FYI.
CFP – Special Issue of Fat Studies: An Interdisciplinary Journal of Body Weight and Society on “Fat on the Small Screen: Televising Fat,” edited by Daniel Farr
Proposal deadline: July 10, 2018
Manuscript invitations: July 20, 2018
Manuscript deadline: November 2, 2018
This special Issue of Fat Studies will explore the myriad ways that fat is portrayed and theorized on television. In an era of growing visibility in television programs, fat bodies and identities are portrayed in diverse and sometimes contradictory manners. The spectrum of body type/size and types of programs affiliated with those living fat lives vary from normalization and acceptance, to the medicalization and denigration of fat. This issue seeks to explore the variety of fat identities, imagery, and portrayals found across television programming.
This issue aims to bring together explorations of specific programmatic and story-line focused fat imagery across genre of teen/family/sitcom programming, but to also explore the spectrum of reality-based imagery about fat lives. We hope to examine the often dichotomous, complex, and at times contradictory treatment of fat—is fat to be accepted and treated with respect? Is it to be treated with tolerance? Is it to be rejected? Perhaps there is a spectrum of “acceptable” levels of fat, based on qualitative or even quantifiable measures?
Along with a focus upon the imagery and its meaning, we also seek contributions that examine how audiences are receiving these images. How are consumers watching, thinking about, and seeking out programming about fat? What does this imagery mean to them? Do these programs change how people think about their lives? Does it change their behaviors?
This issue seeks to include contributions from a range of disciplines, methods, and theoretical approaches to forward understandings of the imagery that is being created.
Given the dual goals of this issue to explore fat imagery and audience reception, a variety of topics and programs will be considering, including, but not limited to:
- Analyses of TV programs with a specific focus upon/inclusion of fat character story-lines
- Gendering of fat – how are men portrayed?Women? Comparisons?
- Intersections of fat with race/ethnicity, sexuality, class, etc.
- Reality programming
- Fat imagery of children/teens
- Fat/thin imagery and character arcs
- Cartoon imagery
- Transformations of fat imagery over the history of television
- Global discourses and variations on fat imagery on television
- Audience and consumer responses
To be considered for this issue, please submit a 250-500 word proposal (or full paper draft) and brief bio or vita to Daniel Farr (dfarr4@kennesaw.edu) by July 10, 2018. Any questions about this special issue may also be directed to this email.
Pending proposal acceptance, draft manuscripts will be expected by December 1, 2018. Submission should be between 3,000 and 6,000 words (10-15 pages, size 12 font, double spaced) including all notes and references. Manuscripts will be sent for peer review.

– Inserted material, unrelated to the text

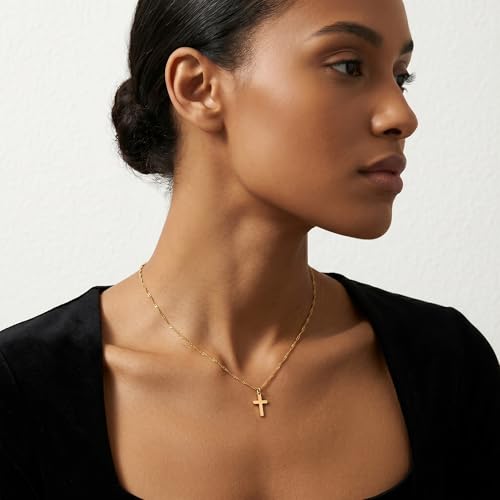 Gold Cross Necklace - image 3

Reproductions of visual images will require permission from the artists/ copyright holders of the image(s). All authors will need to sign a form that transfers copyright of their article to the publisher, Taylor & Francis/ Routledge.
Fat Studies is the first academic journal in the field of scholarship that critically examines theory, research, practices, and programs related to body weight and appearance. Content includes original research and overviews exploring the intersection of gender, race/ethnicity, sexuality, age, ability, and socioeconomic status. Articles critically examine representations of fat in health and medical sciences, the Health at Every Size model, the pharmaceutical industry, psychology, sociology, cultural studies, legal issues, literature, pedagogy, art, theater, popular culture, media studies, and activism.
Fat Studies is an interdisciplinary, international field of scholarship that critically examines societal attitudes and practices about body weight and appearance. Fat Studies advocates equality for all people regardless of body size. It explores the way fat people are oppressed, the reasons why, who benefits from that oppression and how to liberate fat people from oppression. Fat Studies seeks to challenge and remove the negative associations that society has about fat and the fat body. It regards weight, like height, as a human characteristic that varies widely across any population. Fat Studies is similar to academic disciplines that focus on race, ethnicity, gender, or age.